UPDATE: At 5:52 p.m., we were alerted that Save-A-Stray is NOT the rescue taking the puppies according to a representative.
ORIGINAL: Prichard Animal Shelter has been the subject of NBC 15 investigations for more than a decade, going back to Darwin Singleton’s 2009 investigation into animal conditions after witnesses said they saw deceased dogs being fed on by other shelter animals.
In the last ten years, positions have changed and new people have come in to work at the old building, a shelter since the 70s.
Tyra Pruitt is the shelter supervisor. Pruitt met our news crew today after we tried to gain entrance into the building to check on conditions and specifically, six puppies that were taken by animal control last week.
A local rescue contacted us with concerns about the puppies, saying their mom was left behind and they may need her due to their age.
We asked the shelter employee to see the dogs, but he phoned the police and asked us to leave. Pruitt as well as three Prichard Police officers met us at the shelter.
One of those officers brought out five puppies which were in poor health, putrid smelling with obvious signs of worms. Including diarrhea.
Pruitt and the shelter employee said they are being dewormed and that’s why they are low-weight as well as dealing with stomach issues.
They did not speak to what happened to the alleged sixth puppy.
We were also told baths happen on Saturdays thanks to the help of volunteers.
We were never allowed access inside the shelter, but Pruitt said there are two sides, only one of which is public.
There is a side for adoptable dogs and another side for quarantined dogs and holds. The officer who retrieved the puppies removed them from the holds side, brought out a pen for the puppies and food and water to show us their condition.
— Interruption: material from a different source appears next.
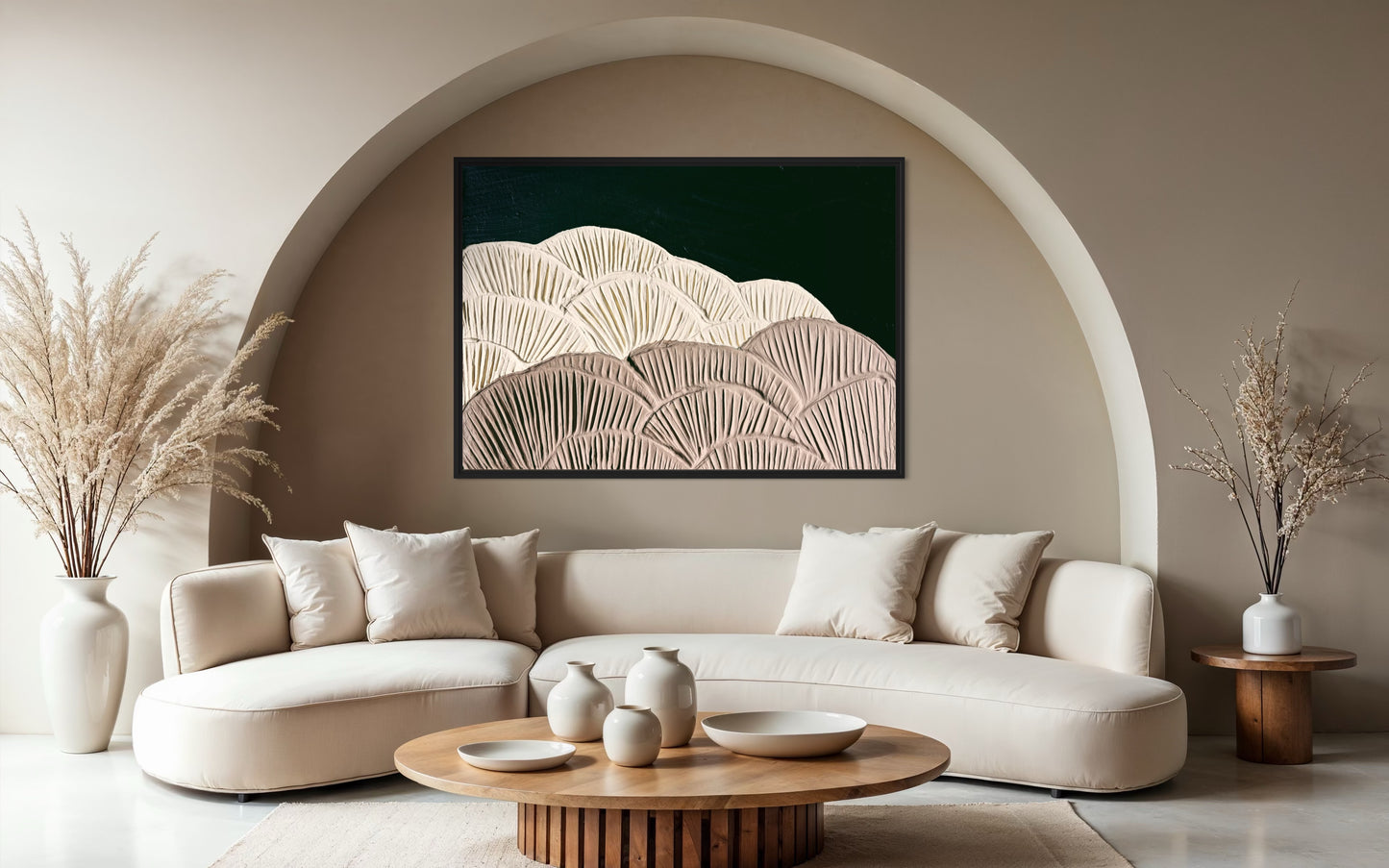 Organic floral wall decor with hand-textured mocha and cream detailing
Pruitt said the adoptable side of the shelter was presently empty.
As for the five puppies, she said they have lined up foster parents for them through Save-A-Stray.
The rescue who contacted NBC 15 felt the mother of those puppies was abandoned by animal control and were told they were not permitted to see the puppies during the stray hold.
The shelter employee who called the police admitted to us that he told the rescue that the puppies were not there, in an effort to combat what he alleged to be hostile behavior.
Pruitt also explained that there are certain qualifications to be with a rescue, and the initial two women who showed up to see the puppies were not with the rescue, and instead volunteers.
She said the reason police were called on the concerned women was because they called more rescues and more than four cars of people showed up, overwhelming the shelter.
We sat down with two women who work for a local rescue and say they’re just trying to save bully breeds no one else cares about. They rescued the puppy’s mother last week.